Bernd Bieglmaier sollte uns von der Bedürftigen-Redaktion damit überraschen, dass er uns einen Bedürftigen empfahl, der bereits in den Genuß als Bedürftiger der Woche gekommen war. Zweimal, nein, das ginge nicht, war der allgemeine Tenor in der Redaktionsstube. Von Wettbewerbsverzerrung war die Rede. Es ginge doch, war aber die nachdrückliche Meinung von Bernd Bieglmaier.
Er argumentierte, dass Herr Michael S. zuvor nur in seiner Rolle als Vizekanzler zu seinem Titel gekommen, nicht aber in seiner Rolle als Außenminister. Bernd Bieglmaier legte seine Standpunkte da, und wir diskutierten mit ihm. Und diskutierten und diskutierten und diskutierten… und ließen uns von unserem Experten überzeugen. Herr Michael S. erwies sich als deratig bedürftig, dass wir schlußendlich nicht mehr umhin kamen, ihn ein weiteres Mal vorzustellen. Oder besser gesagt: vorstellen zu müssen.
In seiner Rolle als Außenminister eines angeblich „neutralen“ Landes scheint Herr Michael S. mit dem Begriff „Außen“ etwas falsch verstanden zu haben. Seine Instruktionen bezieht er gerne von außerhalb, vorzugsweise aus Washington und New York. Dort kann er auch zuhören. Und sollten dort seine Freunde aus der US-Administration wie bei der UNO-Vollversammlung im September 2011 keinen Dialog mit anderen Regierungsvertretern, die ihnen mißliebig sind, wünschen, so kommt er diesen Wünschen gerne nach. Wie an einer unsichtbaren Leine gezogen. Ganz ohne Halsband.
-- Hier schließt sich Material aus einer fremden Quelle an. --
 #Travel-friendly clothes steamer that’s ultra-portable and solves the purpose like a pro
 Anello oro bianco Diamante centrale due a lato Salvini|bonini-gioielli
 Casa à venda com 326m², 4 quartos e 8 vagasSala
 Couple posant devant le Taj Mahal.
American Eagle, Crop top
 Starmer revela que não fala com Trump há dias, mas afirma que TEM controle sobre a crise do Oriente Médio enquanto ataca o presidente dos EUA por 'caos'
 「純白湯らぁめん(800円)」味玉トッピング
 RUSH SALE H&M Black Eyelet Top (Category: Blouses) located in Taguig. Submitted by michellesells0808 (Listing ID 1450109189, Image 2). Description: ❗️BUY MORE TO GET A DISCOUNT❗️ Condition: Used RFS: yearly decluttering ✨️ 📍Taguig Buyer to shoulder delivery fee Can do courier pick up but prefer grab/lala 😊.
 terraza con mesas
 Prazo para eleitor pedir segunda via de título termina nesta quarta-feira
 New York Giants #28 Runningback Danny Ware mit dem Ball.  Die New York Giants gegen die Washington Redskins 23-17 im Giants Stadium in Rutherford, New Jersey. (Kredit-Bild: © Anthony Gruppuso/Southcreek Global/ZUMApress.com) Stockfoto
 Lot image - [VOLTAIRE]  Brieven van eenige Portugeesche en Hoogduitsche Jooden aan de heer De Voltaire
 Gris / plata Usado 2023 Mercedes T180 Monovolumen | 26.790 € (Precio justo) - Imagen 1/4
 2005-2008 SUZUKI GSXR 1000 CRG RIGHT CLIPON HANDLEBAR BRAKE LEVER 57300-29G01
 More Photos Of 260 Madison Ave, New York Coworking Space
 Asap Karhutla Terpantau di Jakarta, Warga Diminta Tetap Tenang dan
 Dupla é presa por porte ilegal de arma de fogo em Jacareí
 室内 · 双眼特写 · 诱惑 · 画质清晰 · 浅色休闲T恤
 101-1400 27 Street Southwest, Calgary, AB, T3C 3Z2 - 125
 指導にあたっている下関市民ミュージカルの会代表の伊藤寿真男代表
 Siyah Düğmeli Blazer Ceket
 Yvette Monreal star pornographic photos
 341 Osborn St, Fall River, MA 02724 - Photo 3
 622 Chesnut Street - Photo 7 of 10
Sein Verständnis für „Neutralität“ erscheint deutlich deformiert, wenn Herr Michael S. wie Mai 2012 als kleiner Botschaftsüberbringer der nicht neutralen „EU“ davon schwafelte, dass der europäische Staat Bosnien „europareif“ werden solle und seinem bosnischen Amtskollegen dazu riet, „rasch die Weichen in Richtung“ dieser „EU“, aber auch gleichzeitig in Richtung „NATO“ zu stellen, der weltweit antineutralsten und aggressivsten Militärorganisation. Also jener Organisation, welche die Schaffung des Staates Bosnien unter der Führung aus Übersee erst ermöglicht hatte – unter anderem mit massenweise eingeflogenen islamistischen Söldnern und Terroristen. Versüßt wurde bosnische Einbindung mit jährlichen 100 Millionen Euro an EU-Steuergeldern für Bosnien, deklariert als „Vor-Beitrittshilfe“. Sogar einer der politischen Gegner von Herrn S., der Ex-Zivi und nunmehrige Ex-Verteidigungsminister Norbert N., der sich während seiner Amtszeit vor allem selbst verteidigt hatte, kam nicht umhin, sein Entzücken für diese verquere Neutralitätswahrnehmung zu verkünden: „Österreich arbeitet gut mit der „NATO“ zusammen.“ Sein Chef, der bedürftige Werner F., sah darin sogar einen „Meilenstein“. Schön, wenn man gemeinschaftlich jemand anderem so beflissen zuarbeiten kann.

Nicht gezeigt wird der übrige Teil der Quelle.